On March 20, 2026, state-run oil marketing companies in India announced a hike of around ₹2 to ₹2.35 per litre in premium petrol prices, marking the first such increase in nearly four years. The revision applies only to high-octane fuels such as XP95, Speed, and Power petrol, while regular petrol and diesel prices remain unchanged for retail consumers.
Key Highlights
- India raises premium petrol prices by ₹2–₹2.35 per litre after nearly four years of stability.
- Global crude above $100 and Strait of Hormuz tensions drive fuel cost concerns and inflation risks.
The price hike has been largely attributed to rising global crude oil prices, which have crossed the $100 per barrel mark amid escalating geopolitical tensions in the Middle East, particularly around key oil supply routes like the Strait of Hormuz. These disruptions have increased input costs for oil companies, prompting them to revise premium fuel rates while continuing to shield mass consumers from immediate price shocks.
Despite the increase, the government has reassured that fuel supply remains stable and refineries are operating at full capacity, with measures in place to prevent hoarding or unfair pricing practices.
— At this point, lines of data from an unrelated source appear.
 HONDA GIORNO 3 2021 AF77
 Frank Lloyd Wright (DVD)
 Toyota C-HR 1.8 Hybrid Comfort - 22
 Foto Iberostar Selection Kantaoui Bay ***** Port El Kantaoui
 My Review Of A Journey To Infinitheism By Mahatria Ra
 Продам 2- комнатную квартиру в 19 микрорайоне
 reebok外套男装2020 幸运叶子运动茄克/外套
Officials have indicated that oil companies are absorbing part of the global price pressure to avoid raising regular petrol and diesel prices, which affect a larger section of the population.
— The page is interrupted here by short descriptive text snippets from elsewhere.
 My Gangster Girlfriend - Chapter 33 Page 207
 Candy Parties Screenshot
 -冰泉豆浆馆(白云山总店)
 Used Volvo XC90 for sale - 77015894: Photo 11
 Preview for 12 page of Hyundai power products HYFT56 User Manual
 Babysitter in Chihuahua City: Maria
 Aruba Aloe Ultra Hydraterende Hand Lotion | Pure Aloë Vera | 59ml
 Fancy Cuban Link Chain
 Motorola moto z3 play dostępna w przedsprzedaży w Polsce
Also Read: Petrol & Diesel City-Wise Prices as Crude Oil Crosses $100
However, the development signals potential economic implications. Higher fuel costs—especially for premium petrol and bulk diesel, which has reportedly seen a sharp rise—could lead to increased transportation and logistics expenses, thereby adding to inflationary pressures. Experts warn that if global oil prices continue to rise or geopolitical tensions persist, retail fuel prices in India may also increase in the near future, impacting both consumers and the broader economy.